Deputy Speaker of the Parliament of Singapore
- Incumbent
- Assumed office 22 September 2025 Serving with Christopher de Souza
- Prime Minister: Lawrence Wong
- Speaker: Seah Kian Peng
- Preceded by: Jessica Tan Christopher de Souza

Member of the Singapore Parliament for Jurong Central SMC
- Incumbent
- Assumed office 3 May 2025
- Preceded by: Constituency established
- Majority: 16,634 (61.02%)

Member of the Singapore Parliament for Jurong GRC
- In office 10 July 2020 – 15 April 2025
- Preceded by: PAP held
- Succeeded by: Constituency abolished
- Majority: 60,586 (49.22%)

Personal details
- Born: 19 October 1984 (age 41) Singapore
- Party: People's Action Party
- Relations: Ong Ye Kung (maternal cousin)
- Education: Duke University (BS, MS)

= Xie Yao Quan =

Singaporean politician

Xie Yao Quan (born 19 October 1984) is a Singaporean politician who has served as Deputy Speaker of Parliament since 2025. A member of the governing People's Action Party (PAP), he has been the Member of Parliament (MP) for Jurong Central Single Member Constituency (SMC) since 2025. He had previously represented the Jurong Central division of Jurong Group Representation Constituency (GRC) between 2020 and 2025.

== Education ==
Xie was educated at Raffles Institution and Raffles Junior College. He holds a Bachelor of Science degree in biomedical engineering and a Master of Science degree in engineering management from Duke University.

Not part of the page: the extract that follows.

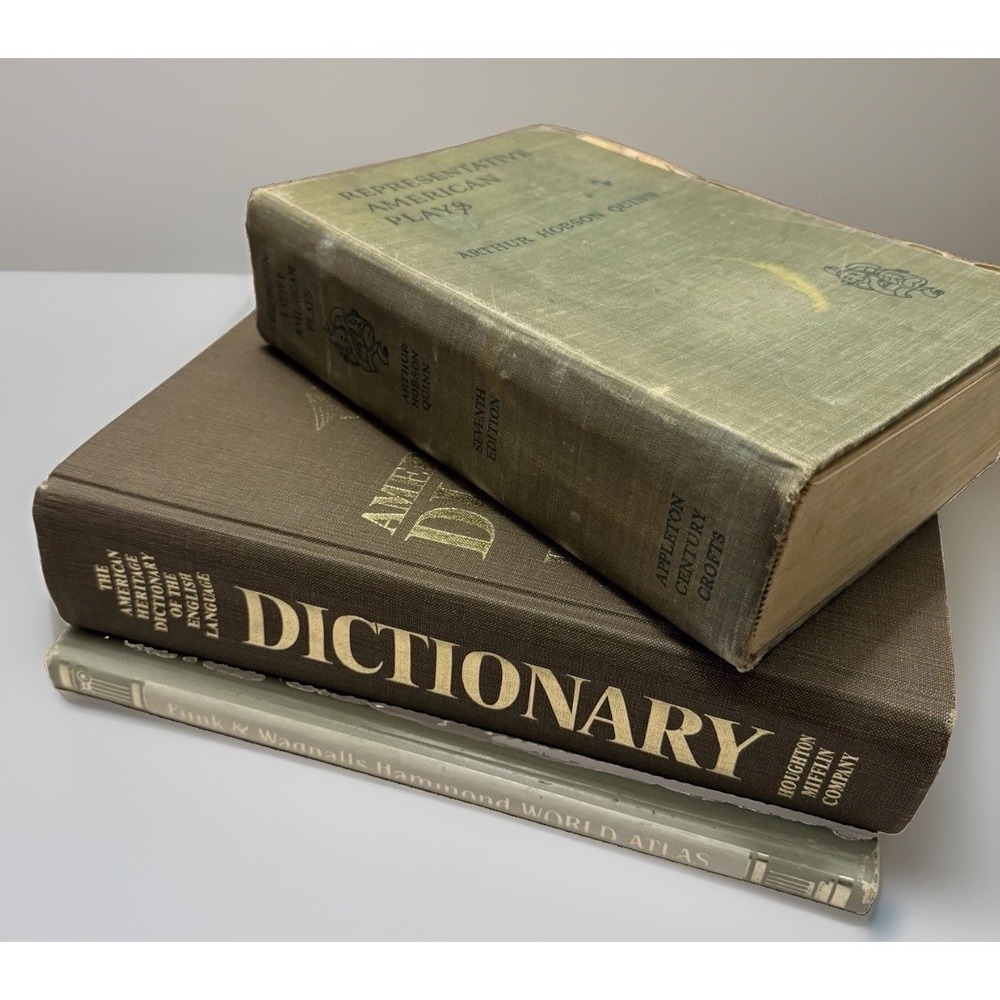 VTG Book LOT Dictionary Atlas Theater Books Old World Room Decor Retro MCM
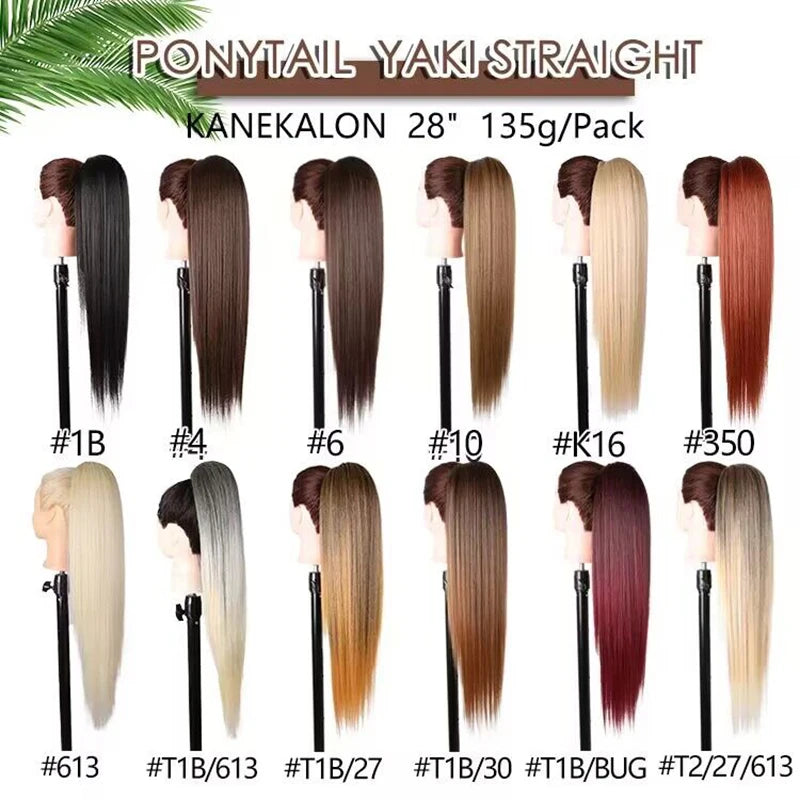Long Synthetic Clip In Drawstring Ponytails - Various Options Available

He was a recipient of the Merit Scholarship (Combat) issued by the Singapore Armed Forces (SAF).

== Career ==
Xie served the SAF for six years. After leaving it, he worked at an investment company for five years.

During his first run for political office, Xie was the Head of Healthcare Redesign at Alexandra Hospital, a member of the National University Health System (NUHS). He later became the chief executive officer (CEO) of QuantEdge Foundation (Singapore).

=== Political career ===
In the 2020 general election, Xie was introduced as a prospective PAP candidate in the five-member Jurong GRC, replacing Ivan Lim, who had withdrawn after allegations by supposed former acquaintances that he was arrogant and elitist while working as, among other roles, a National Service (NS) commander. The PAP team defeated that of the opposition party Red Dot United (RDU) with 74.61% of the vote.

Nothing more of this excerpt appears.